▶ **To do**
Down to the last line, retype the records below exactly and skip the pictures.

▶ **Supplied records**
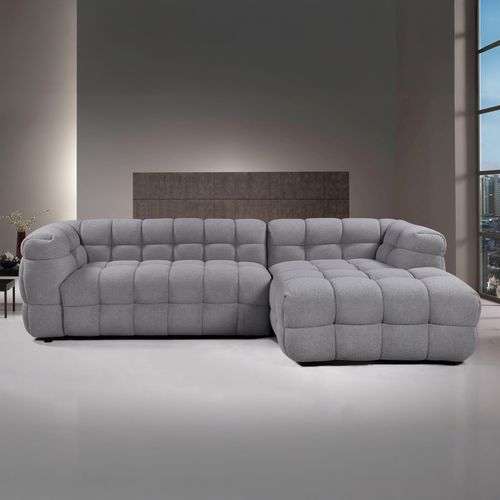 Canapé d'angle droit BULLE tissu bouclette gris
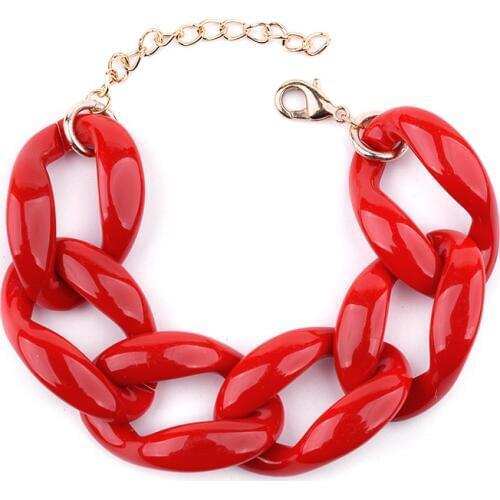 BOJIU 14 Colors Fashion Women Bracelet Basic Plastic Colorful Link Chain Bracelets Red Black Pink Blue Green Jewelry BC199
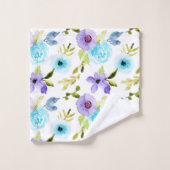 Blauwe Waterverf - Echte handdoekset Bad Handdoek (Wasdoekje)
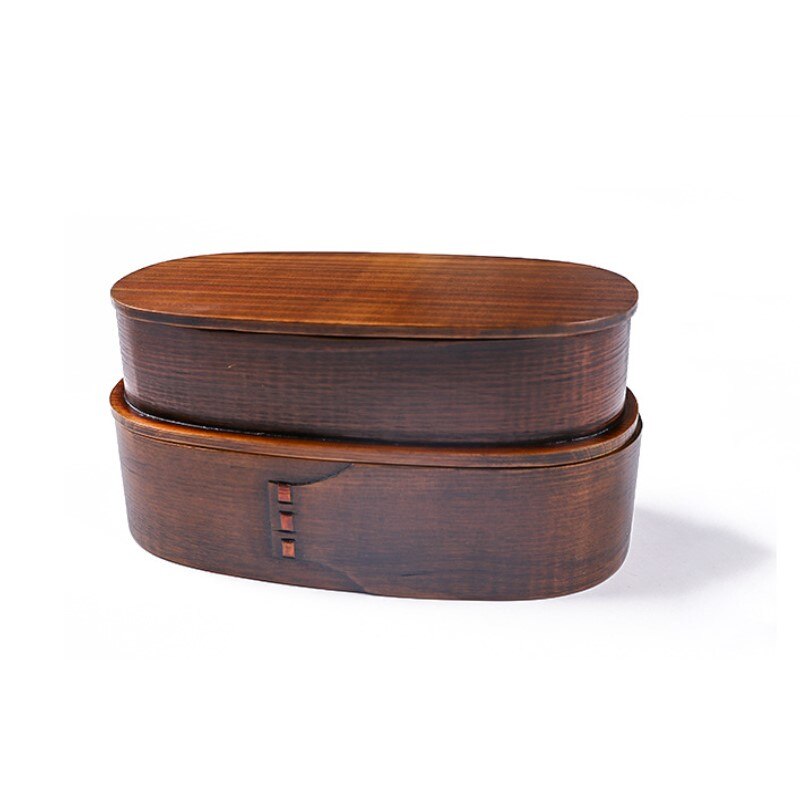 Retro Double-layered Bento Box Solid Color Portable Wooden Sushi Boxes Student Japanese Single-layer Lunch Case: Double Layer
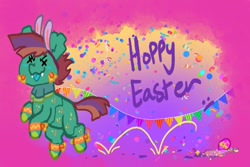 Size: 969x648 | Tagged: safe, artist:nootaz, oc, oc only, oc:deadmeat, original species, piñata pony, pony, bipedal, bunny ears, easter, happy easter, holiday, hopping, male, piñata, solo, stallion, x eyes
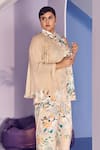 Mamicha_Beige Satin, Crepe Cape Co-ord Set _at_Aza_Fashions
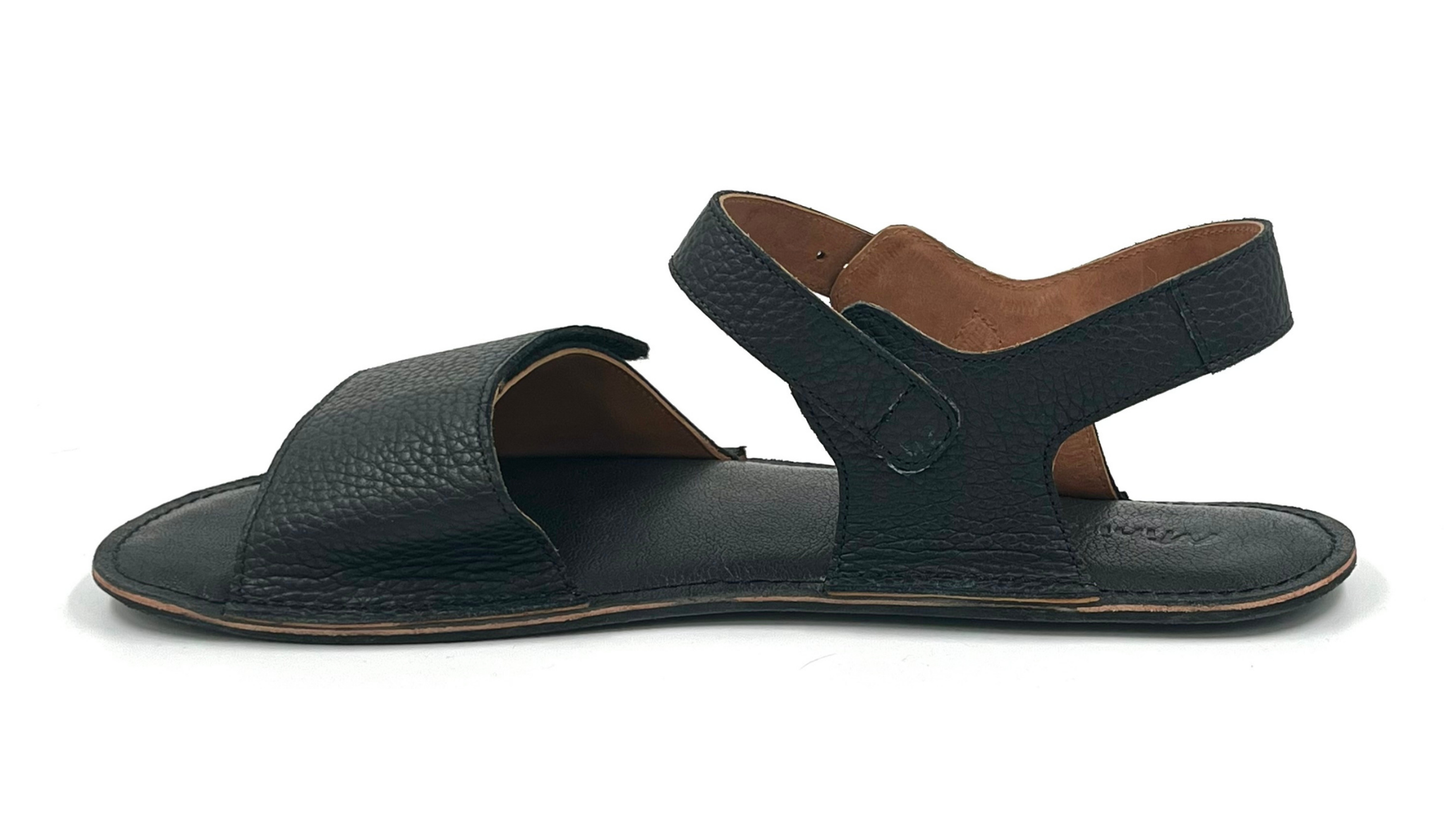 Barefoot Leather Sandals ''Heron'' (black)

▶ **Written answer**
 Canapé d'angle droit BULLE tissu bouclette gris
 BOJIU 14 Colors Fashion Women Bracelet Basic Plastic Colorful Link Chain Bracelets Red Black Pink Blue Green Jewelry BC199
 Blauwe Waterverf - Echte handdoekset Bad Handdoek (Wasdoekje)
 Retro Double-layered Bento Box Solid Color Portable Wooden Sushi Boxes Student Japanese Single-layer Lunch Case: Double Layer
 Size: 969x648 | Tagged: safe, artist:nootaz, oc, oc only, oc:deadmeat, original species, piñata pony, pony, bipedal, bunny ears, easter, happy easter, holiday, hopping, male, piñata, solo, stallion, x eyes
 Mamicha_Beige Satin, Crepe Cape Co-ord Set _at_Aza_Fashions
 Barefoot Leather Sandals ''Heron'' (black)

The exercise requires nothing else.